Joined: Mon Sep 27, 2004 8:33 am
Posts: 3715
Location: Central Texas, USA
In my NES 6502 CPU core I read opcodes (instructions) directly from memory rather than using the usual memory read function that handles memory-mapped I/O devices like the PPU and APU. My reasoning is that nothing will intentionally execute from an I/O device and that doing so wouldn't be useful anyway. This approach improves performance by avoiding a function call and the need to keep track of the timestamp for opcode reads.
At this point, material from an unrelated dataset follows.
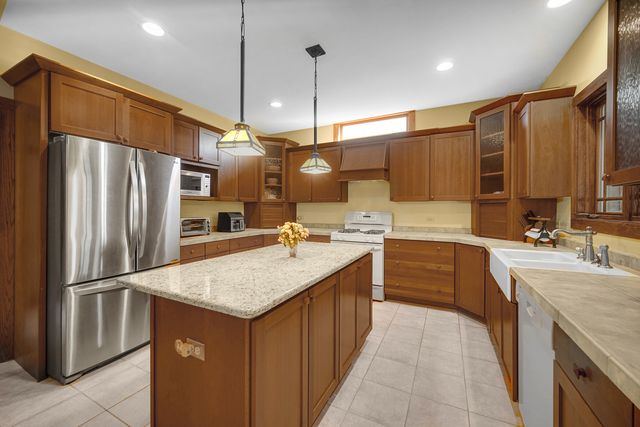 2161 Burnham Court, Algonquin, IL 60102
I divide memory into pages (currently 4K in size) and direct memory access simply goes through a mapping table. The table covers the entire 64K address space, not just the upper half where the ROM is usually mapped. Unmapped and I/O pages are assigned to a special page filled with bytes that aren't a legal opcode, helping to catch any attempted execution of these. I also use this optimization for zero-page and the stack, since I don't handle cartridges with hardware that does anything special when those areas are accessed (and I don't know of any that do).

Code:
const unsigned page_size = 0x1000;
byte* pages [0x10000 / page_size];

// the usual memory read function
int emulate_read( unsigned addr );

inline int read_mem( unsigned addr )
{
    return pages [addr / page_size] [addr % page_size];
}

void emulate_cpu()
{
    int opcode = read_mem( pc );
    switch ( opcode )
    {
        case 0xA9: // LDA #imm
            a = read_mem( pc + 1 );
            set_nz( a );
            pc += 2;
            break;
       
        case 0xA5: // LDA zp
            a = read_mem( read_mem( pc + 1 ) );
            set_nz( a );
            pc += 2;
            break;
           
        case 0xAD: { // LDA abs
            unsigned addr = read_mem( pc + 2 ) * 0x100 + read_mem( pc + 1 );
            a = emulate_read( addr );
            set_nz( a );
            pc += 3;
            break;
        }
       
        case 0x68: // PLA
            sp = (sp + 1) & 0xff;
            a = read_mem( sp + 0x100 );
            set_nz( a );
            pc += 1;
            break;
       
        // ...
    }
}


Any questions, problems, or improvements?


Top
 Profile  
 
 Post subject:
PostPosted: Tue Aug 23, 2005 3:42 pm 
Offline
User avatar

Joined: Thu Oct 21, 2004 4:02 pm
Posts: 210
Location: San Diego
Just as a clarification, when a mapper does a bankswitch how do you handle it? I'm assuming it's by updating the pages[] array?
Also, have you profiled this performance improvement? You're still doing a divide operation and a table lookup on each read operation, so I wouldn't really expect a huge improvement over a fully decoded implementation. I guess you are saving either a function call or a bunch of conditionals (depending on how your memory decoder works), so maybe it will speed some things up. Do you have any numbers on this?


Top
 Profile  
 
 Post subject:
PostPosted: Tue Aug 23, 2005 4:21 pm 
Offline
User avatar

Joined: Mon Sep 27, 2004 8:33 am
Posts: 3715
Location: Central Texas, USA
teaguecl wrote:
Just as a clarification, when a mapper does a bankswitch how do you handle it? I'm assuming it's by updating the pages[] array?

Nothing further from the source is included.